In this exaggerated 1970s period comedy Ferrell is the eponymous television news anchorman Ron Burgundy, a brash, misogynistic braggart who sees himself as the star of “an age when only men were allowed to read the news”. His self-confident sexism is swiftly challenged by the arrival of a sultry new female reporter, played by that other former US TV star Christina Applegate, as the new feminism of the seventies begins to impact on the high pressure world of the news.

It is a basic premise, and hardly an original one, but is Burgundy so wonderfully stupid and lecherous, and the set-pieces so well conceived, that it is very hard not to get caught up in the inanity of the plot and characters. Add in some cameos by Ferrell’s big name buddies Jack Black, Ben Stiller, Vince Vaughn, Owen Wilson and Tim Robbins, and you have all the ingredients for a highly enjoyable, if utterly inconsequential comedy.
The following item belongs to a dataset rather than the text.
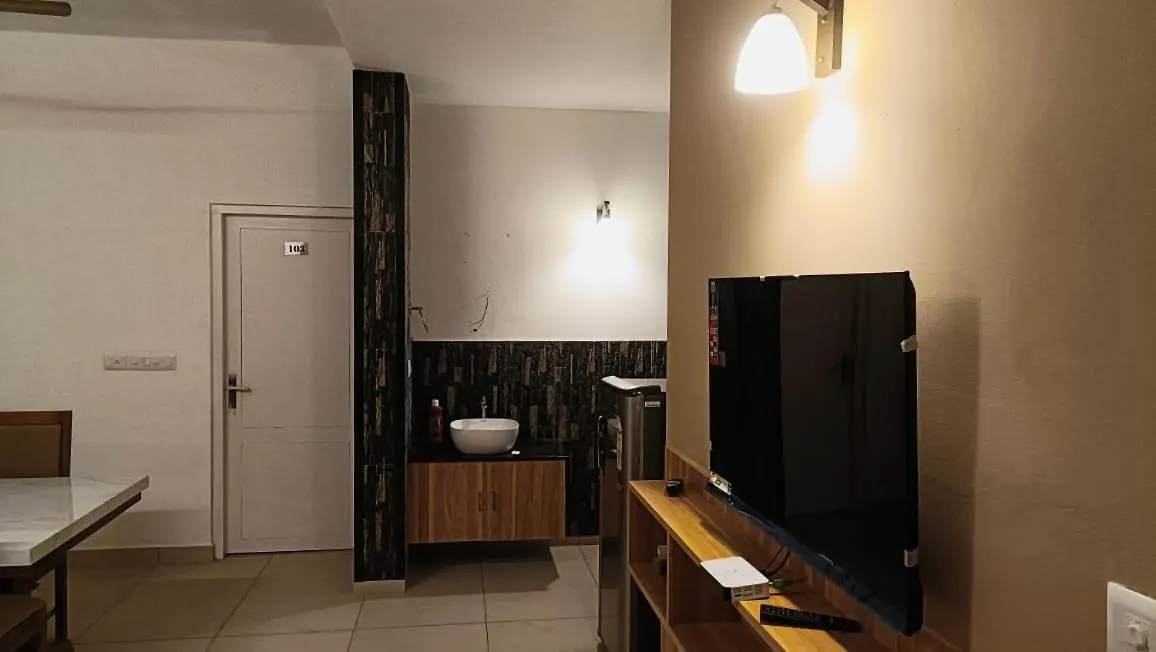 Serenity Hotel Kochi 3*,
This is hardly biting social satire, but it has no wish to be. The aim is simple – make fun of male chauvinists and 1970s fashion disasters. The targets are easy ones, and all are pretty much hit dead on the bullseye. Every now and again, that’s all anyone wants from a movie. Nothing challenging, nothing too clever, just stupid laughs. It’s the Laurel and Hardy approach to film comedy – a bit of slapstick, a bit of wordplay, and a number of elaborate set-ups for a series of inevitable and often predictable (but no less funny for it) punchlines.

It is about time Ferrell made it to the big league, if only because he’s been trying so hard for so long. Whether he has what it takes to make the leap from moderate success to stardom along the lines of the Ben Stillers, Mike Myers and Adam Sandlers of this world has yet to be seen, but this is certainly a promising step along that path. If you fancy a couple of hours of giggling to yourself, Anchorman could well be the one for you.